> _Description of the task_:
The copy must run from the first line of the entries below through the line containing "Still from The", restated word for word, with pictures left out.

______

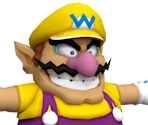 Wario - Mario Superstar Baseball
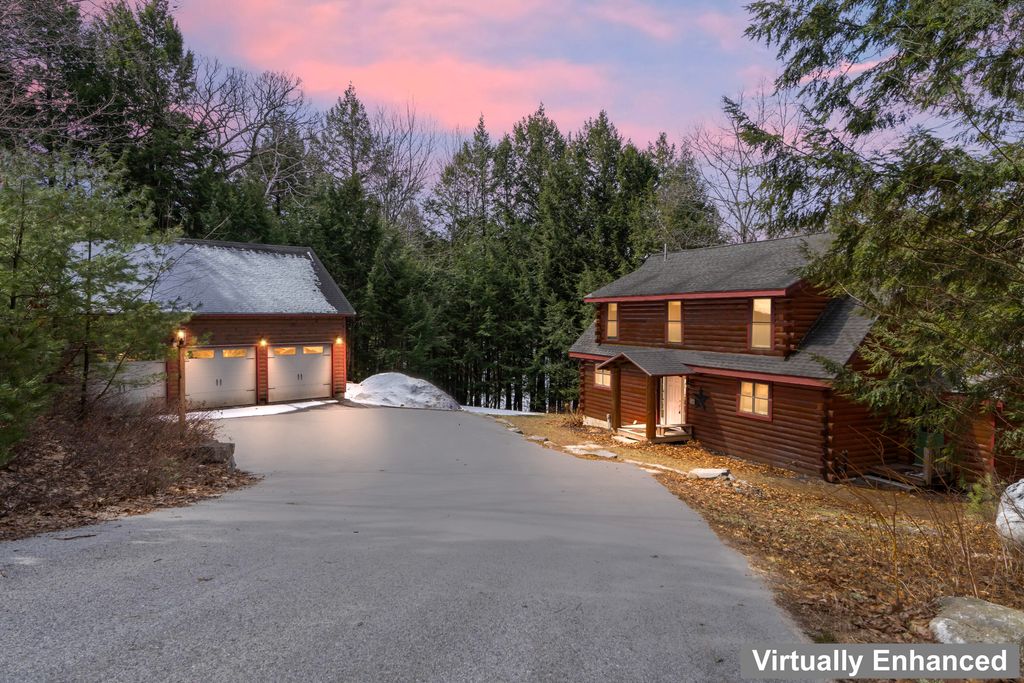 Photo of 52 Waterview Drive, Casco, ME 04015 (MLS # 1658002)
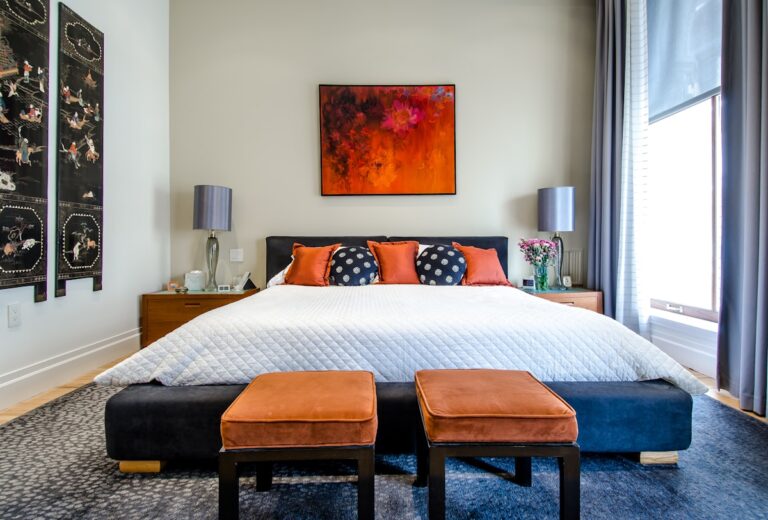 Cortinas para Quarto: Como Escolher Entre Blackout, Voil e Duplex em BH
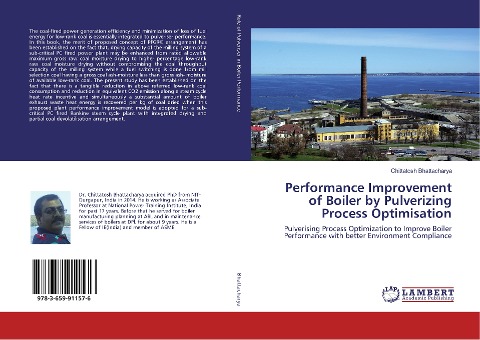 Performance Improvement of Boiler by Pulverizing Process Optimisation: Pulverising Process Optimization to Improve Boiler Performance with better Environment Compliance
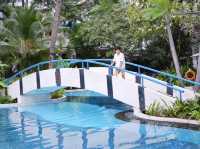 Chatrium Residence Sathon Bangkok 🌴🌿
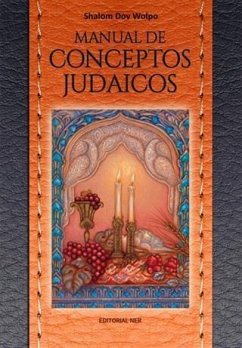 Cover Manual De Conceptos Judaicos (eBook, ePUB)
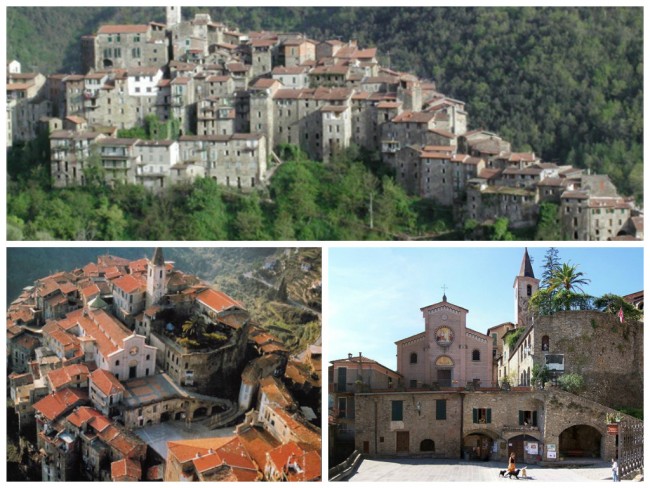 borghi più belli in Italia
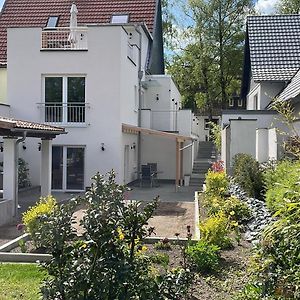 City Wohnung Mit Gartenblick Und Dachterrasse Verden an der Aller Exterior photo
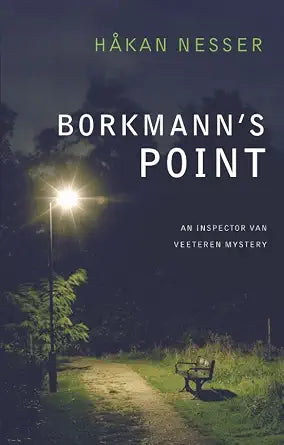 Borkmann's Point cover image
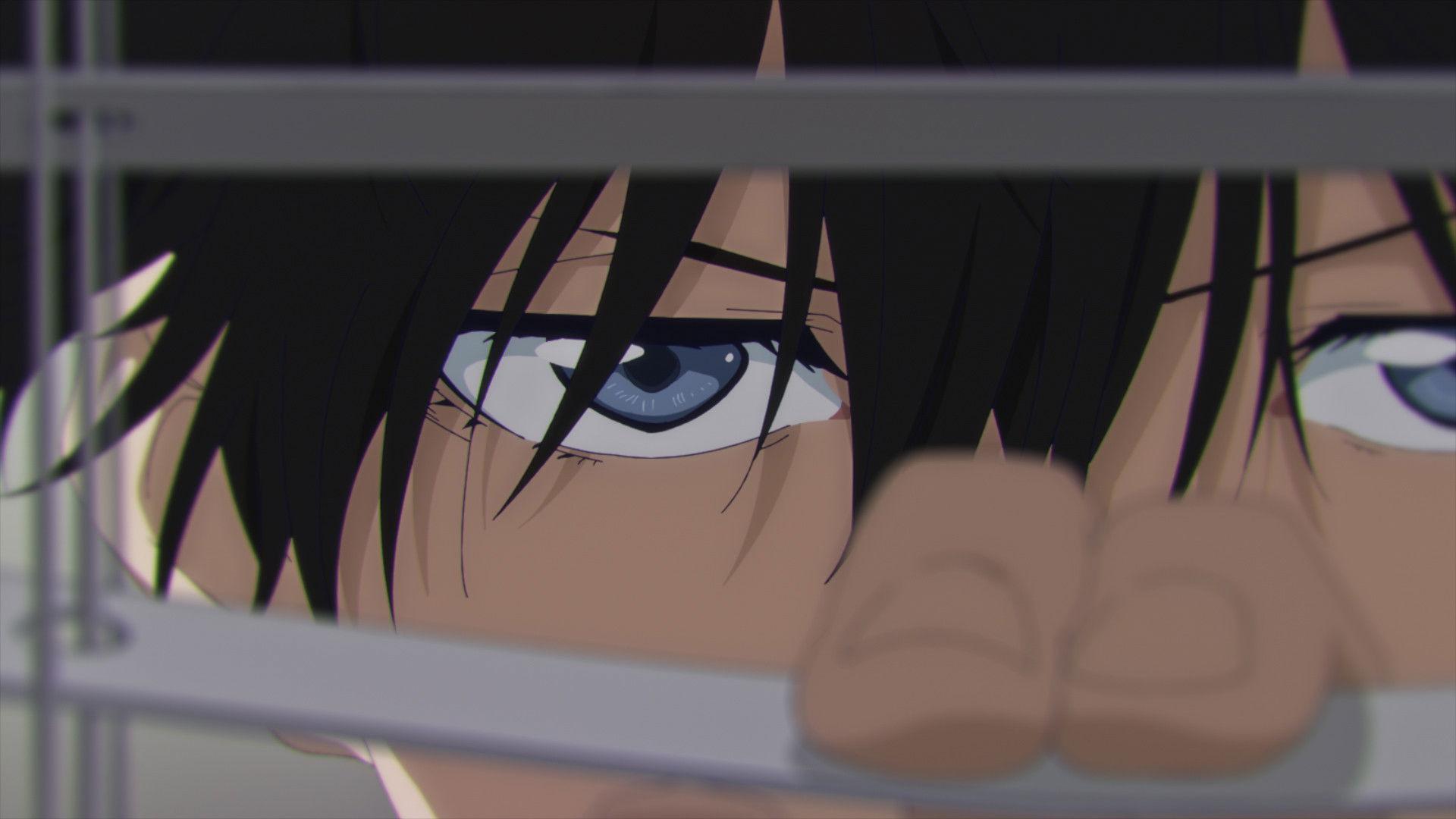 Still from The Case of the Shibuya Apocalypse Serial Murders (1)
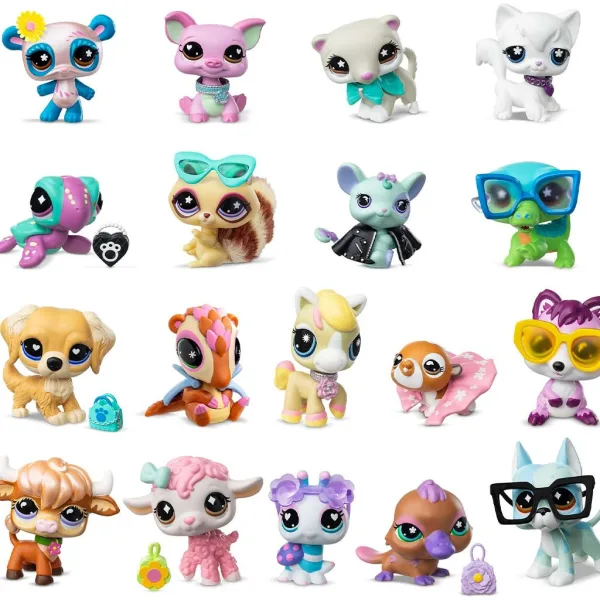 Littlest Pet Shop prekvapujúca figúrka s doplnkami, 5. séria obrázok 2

______

> _Answer section_:
 Wario - Mario Superstar Baseball
 Photo of 52 Waterview Drive, Casco, ME 04015 (MLS # 1658002)
 Cortinas para Quarto: Como Escolher Entre Blackout, Voil e Duplex em BH
 Performance Improvement of Boiler by Pulverizing Process Optimisation: Pulverising Process Optimization to Improve Boiler Performance with better Environment Compliance
 Chatrium Residence Sathon Bangkok 🌴🌿
 Cover Manual De Conceptos Judaicos (eBook, ePUB)
 borghi più belli in Italia
 City Wohnung Mit Gartenblick Und Dachterrasse Verden an der Aller Exterior photo
 Borkmann's Point cover image
 Still from The Case of the Shibuya Apocalypse Serial Murders (1)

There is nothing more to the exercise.